Recent high-profile erosions of the privacy protections previously enjoyed by internet users have sparked intense interest in the use of VPNs as a way to protect privacy.
Unfortunately (if not very surprisingly), it appears that some unscrupulous individuals are exploiting the general public’s lack of knowledge about the VPN industry to sell them phony VPN services.
MySafeVPN is Fake
Plex is a popular media player system that allows you to upload files to a Plex server. You can then watch uploaded content from any device you own. Many Plex users have recently received an email purporting to be from a company called MySafeVPN, which claims to be an offshoot of Plex:
“Plex media server has now released a new service called www.MySafeVPN.com.”
The email references the recent Congress decision (now ratified by President Trump) to allow Internet Service Providers (ISPs) to harvest and sell US customers’ web browsing data, plus the UK’s terrible new government surveillance laws.
It plays on the real alarm these developments have caused to slyly suggest that files uploaded to Plex Media Servers (many of which likely breach copyright laws) may now no longer be private:
“However, with the recent change in US privacy bills, UK privacy laws and more, it is now more difficult to fill these media servers with the content that users want to enjoy.”

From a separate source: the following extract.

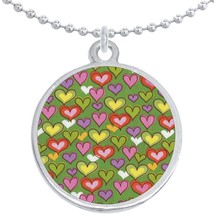 Item image 1 image 1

Thing is, Plex has never heard of MySafeVPN. As Plex employee kiniCharlimno notes,
“This is not us! We were also taken by surprise as many Plex employees received the same email, myself included. We’re seeing very similar emails going out from the same outfit to former Boxee users as well. We are investigating and reporting them to their service and mail providers, but believe this could be related to the 2015 forums breach.”
This statement was confirmed to Motherboard by Scott Olechowski, Plex’s co-founder and Chief Product Officer:
“This is *absolutely not* a Plex affiliated service or offering. If anything, it suggests that mysafevpn.com is super sketchy and we would recommend using almost any other VPN service with your Plex Media Server.”
Plex also denies claims made by MySafeVPN that it is staffed by disgruntled ex-Plex employees.
Users of the now default rival service to Plex, Boxee, have also been targeted. One poster to Plex discussion boards reports falling for the scam, and paid $24.99 via PayPal for a three-month subscription.
Unsurprisingly, he discovered that the service itself was sham, and simply did not work. I am pleased to report that he received a full refund from PayPal.
Be Careful of Fake VPN Services
As we at BestVPN.com have seen first-hand, there has been a surge of interest in VPNs following recent developments, which have rightly alarmed internet users everywhere.
Many of those showing new interest in the subject have likely never even heard the term “VPN” before, and certainly have very little understanding of how to tell a good VPN from a bad one (or even worse, a scam one!).
In addition to outright fake VPNs such as MySafeVPN, there are many cowboy VPN companies out there. These are keen to exploit the booming interest in VPNs. Many of them are poorly configured, so they leak users’ real IP addresses, others contain malware, and others don’t even bother to encrypt users’ data!
This slap-dash behavior is all the more shocking because people who use these VPN apps do so in the belief that they will improve their online privacy and security!
We therefore strongly recommend that anyone interested in purchasing a VPN to improve their privacy only choose trusted providers recommended by reputable sources, such as BestVPN.com (of course!).